The Book Is Always Better

book is better than movie

The book is always better than the movie.

As an avid reader, I will argue this point any time, any day.

To me, it seems as though movies over the last 7+ years are going downhill (with a few exceptions).  As studios try harder and harder to sell blockbusters, there seems to be more and more fluff being produced instead.  Fluff movies are an awful waste of time.

And you know a fluff movie when you see one. Lately, they have included romantic comedies, terribly done sequels to romantic comedies, corny action movies, equally corny sequels to action movies, and over-dramatic heart-wrenchers.

Movies are over the top nowadays.  The budgets of movies are through the roof, and when these movies flop there is little return.  Everyone is hoping for an instant hit, yet the movies aren’t reaching the desired status.

Much of the problem lies in the sequels, which is an originality issue in itself.  Sure, sequels that follow a series are expected, but when it comes to sequels of a good, original movie (such as Lion King) a sequel isn’t needed, yet they still make them.

Then we have the movies that were made from books.  Which is actually wonderful because who doesn’t want to see their favorite book on the big screen?  It’s pretty interesting to see what someone else made of it.  Maybe the characters are exactly like you pictured them.  Maybe they’re completely different.  That in itself is a fun thing to see.

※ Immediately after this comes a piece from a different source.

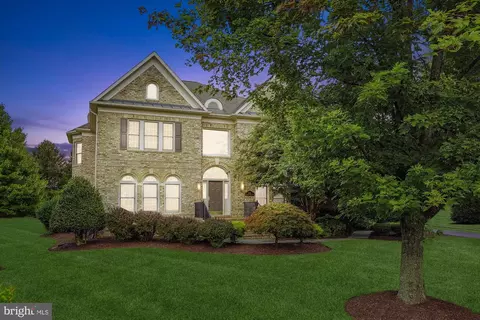 8351 Sapphire Lakes Ct, Gainesville, VA 20155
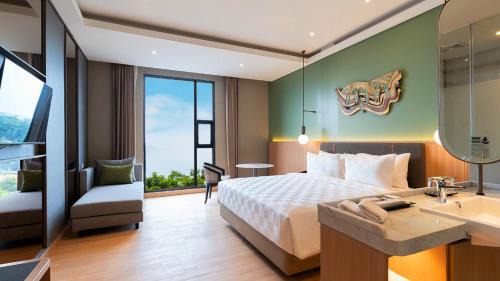 Premier Room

Creating a movie from a book is not necessarily a bad thing.  The problem arises when the only movies that are coming to theaters are adaptations of books.  The Hunger Games, Divergent, Twilight… need I say more?  Though two of books-turned-into-movies I mentioned were actually decent movies, there’s too much of a pattern going on here.

Additionally, a problem arises when an author writes a book with the direct intention to sell it to a studio and have it made into a film.  Where did the art of novel writing go?  It seems terrible to me that literature has been turned into a Hollywood business.

A novel tells a story with great detail.  Authors use words to paint pictures.  They have to spend their words carefully, creating histories, developing characters, and telling the plot.  Movies have the advantages of using images to convey all of this.  So, when people insist that movies are better than the books, it’s unfair.

Movies have all the advantages while authors work long and hard to produce the amazing stories that they craft.  For example, the Harry Potter books are an intricately created series of seven books with amazing character development and detail.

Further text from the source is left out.